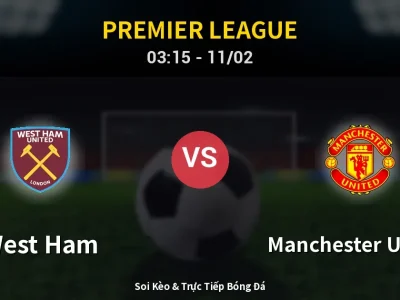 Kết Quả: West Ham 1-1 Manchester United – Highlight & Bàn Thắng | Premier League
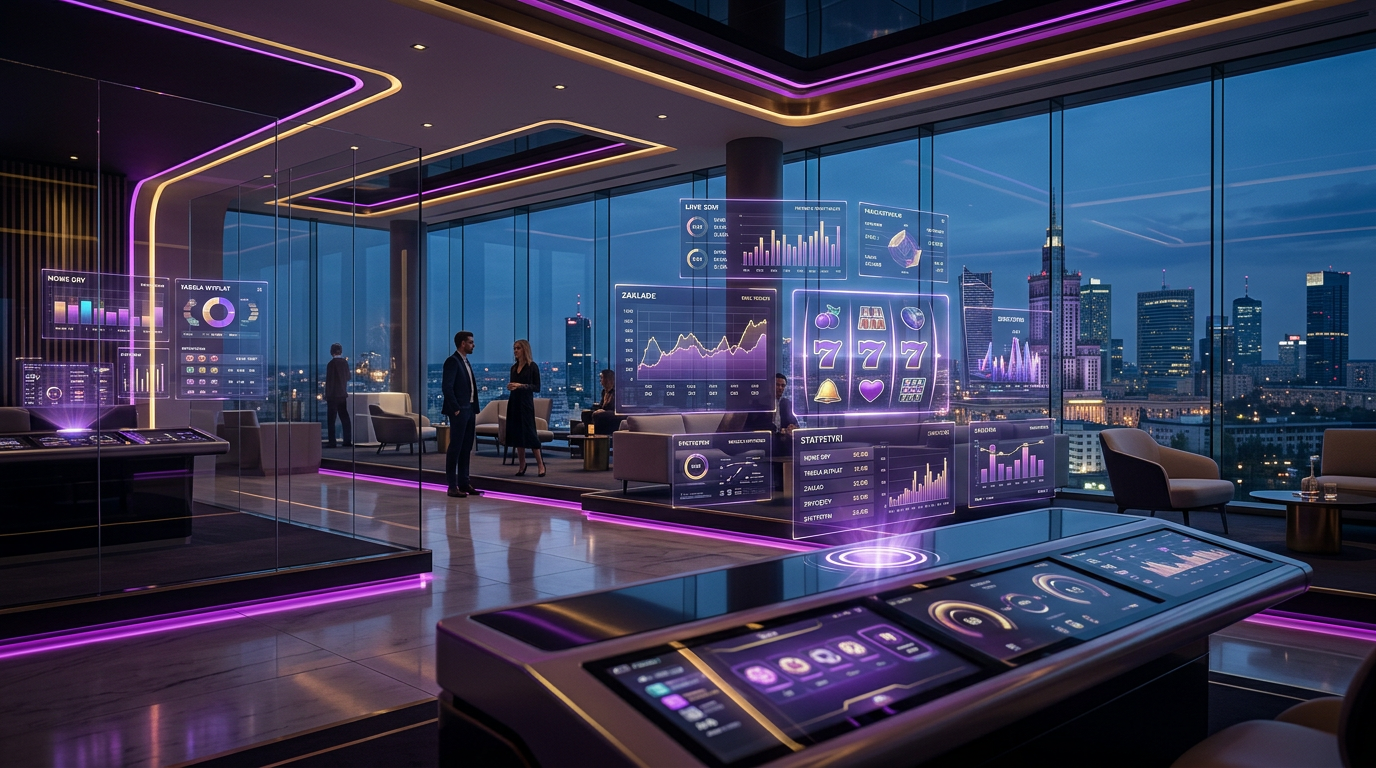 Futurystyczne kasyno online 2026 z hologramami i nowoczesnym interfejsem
-------
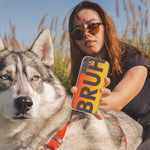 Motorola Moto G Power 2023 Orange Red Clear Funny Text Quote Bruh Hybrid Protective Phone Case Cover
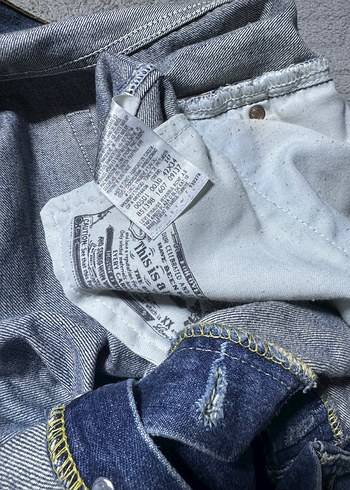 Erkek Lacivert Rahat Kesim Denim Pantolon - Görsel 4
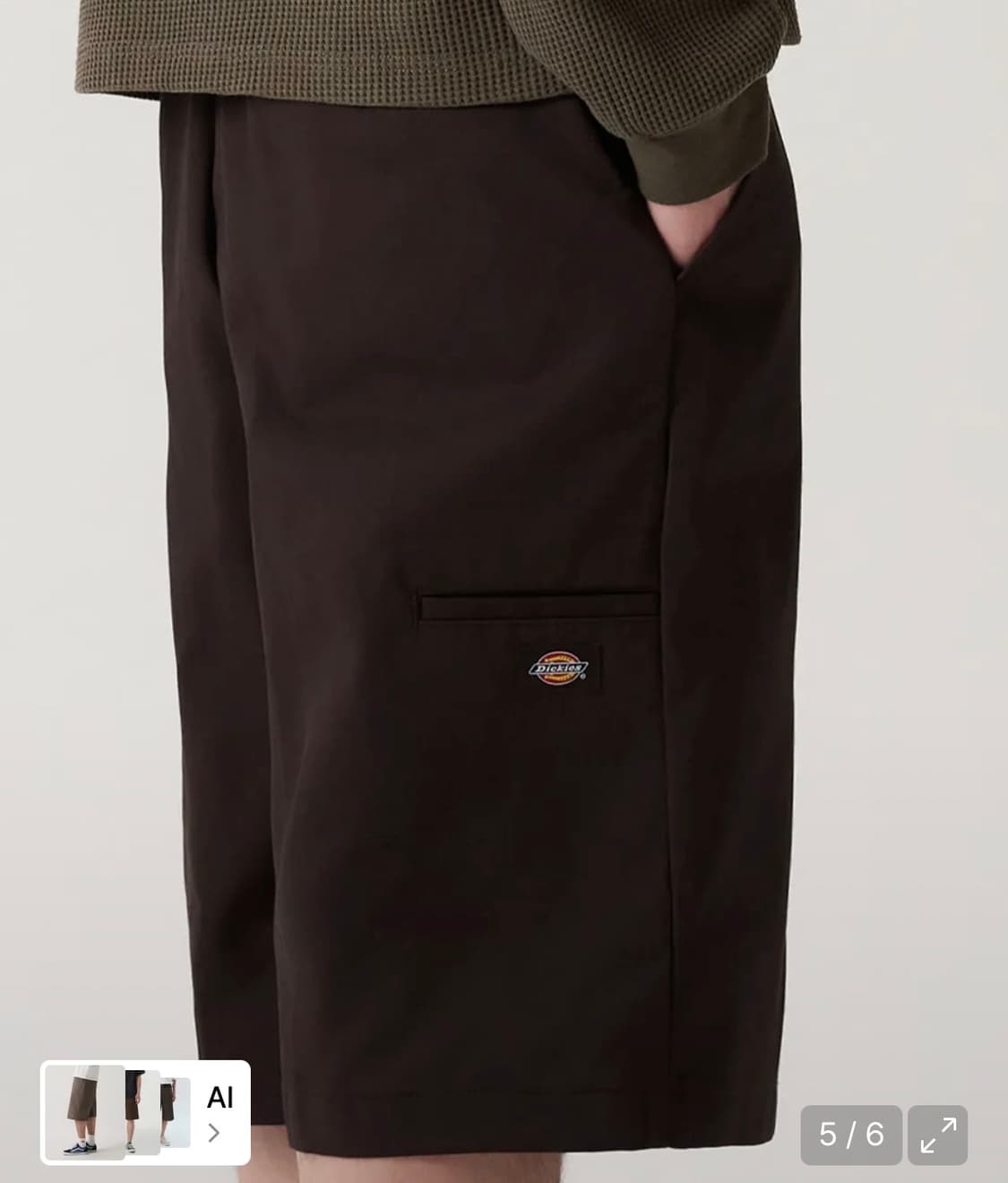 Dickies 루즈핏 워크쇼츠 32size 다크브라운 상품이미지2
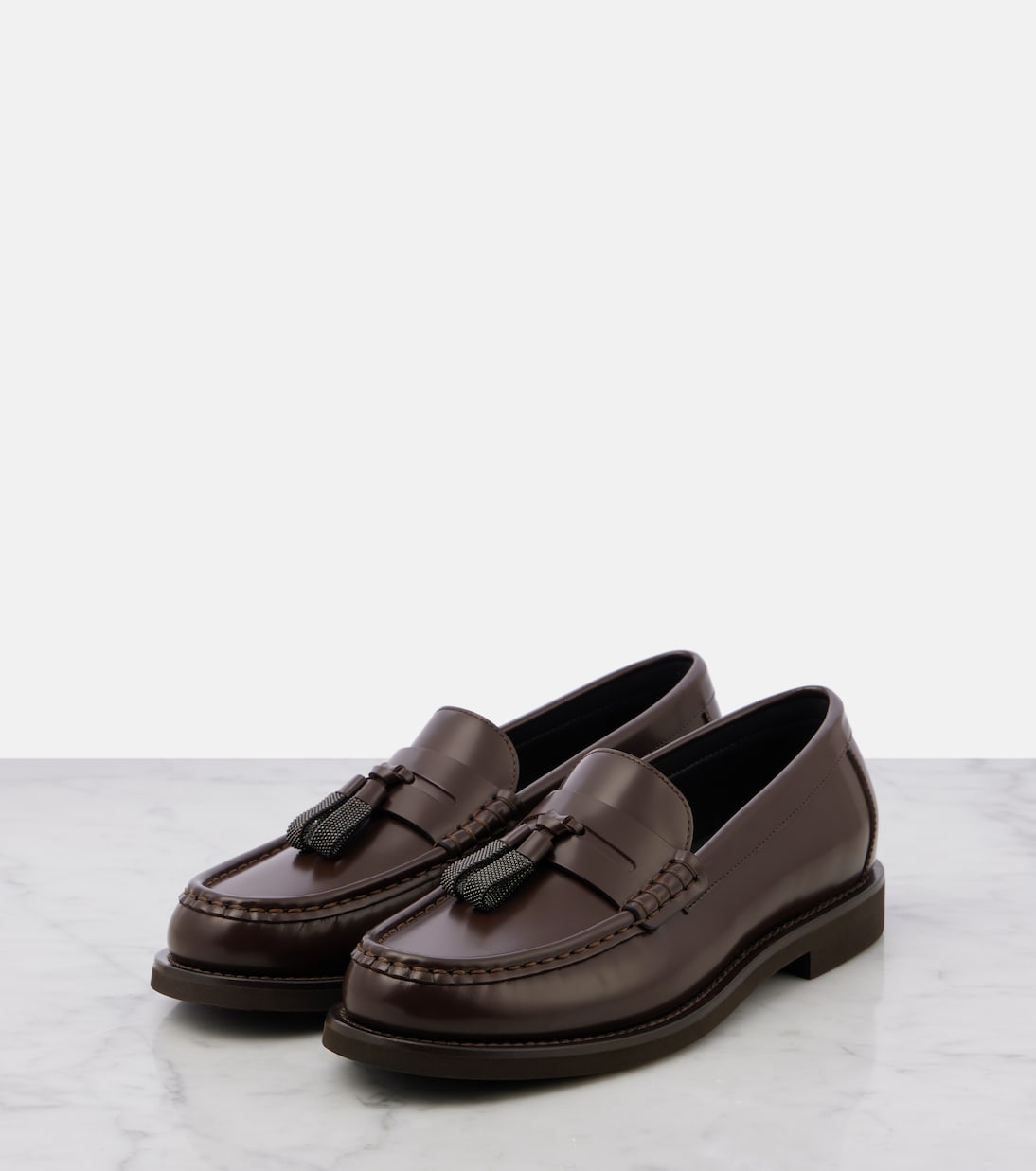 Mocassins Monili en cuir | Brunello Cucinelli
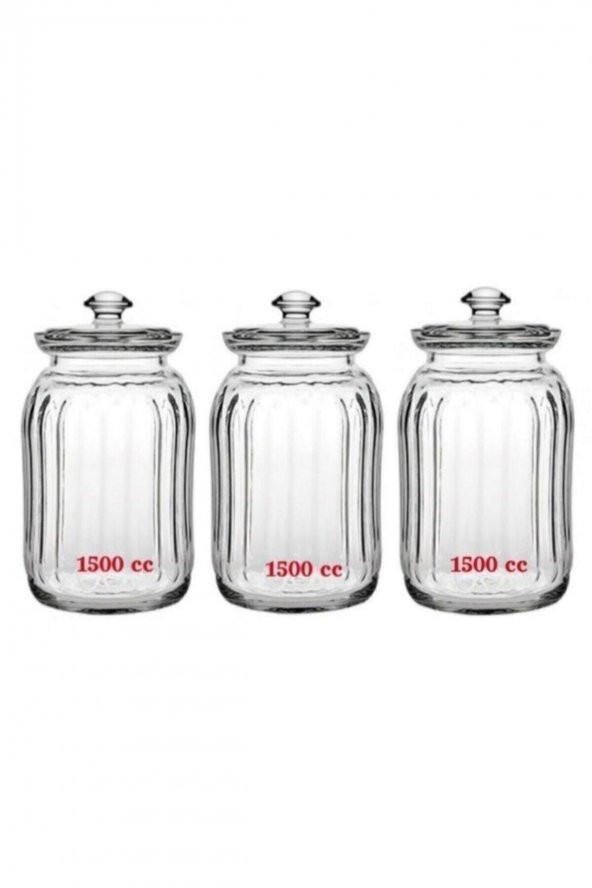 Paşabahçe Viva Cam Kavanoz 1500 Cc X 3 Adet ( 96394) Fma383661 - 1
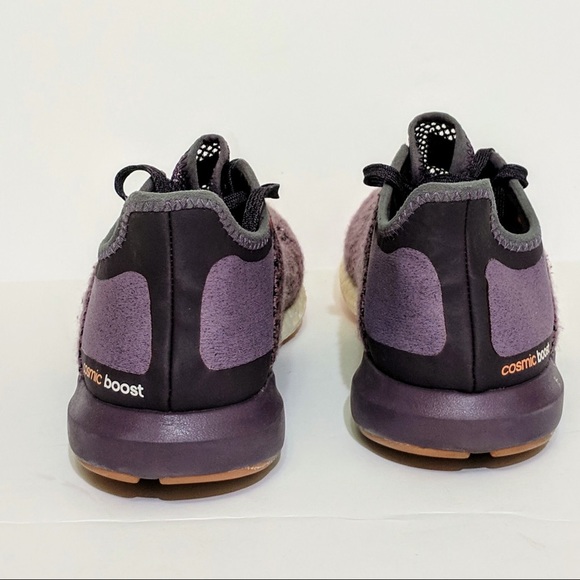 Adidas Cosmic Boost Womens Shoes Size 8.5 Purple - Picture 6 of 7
-------
= Directions =
Print nothing except the lines above from the one containing "Motorola Moto G" down to the one containing "Paşabahçe Viva Cam", both included, exactly as written and free of pictures.

= Task answer =
 Motorola Moto G Power 2023 Orange Red Clear Funny Text Quote Bruh Hybrid Protective Phone Case Cover
 Erkek Lacivert Rahat Kesim Denim Pantolon - Görsel 4
 Dickies 루즈핏 워크쇼츠 32size 다크브라운 상품이미지2
 Mocassins Monili en cuir | Brunello Cucinelli
 Paşabahçe Viva Cam Kavanoz 1500 Cc X 3 Adet ( 96394) Fma383661 - 1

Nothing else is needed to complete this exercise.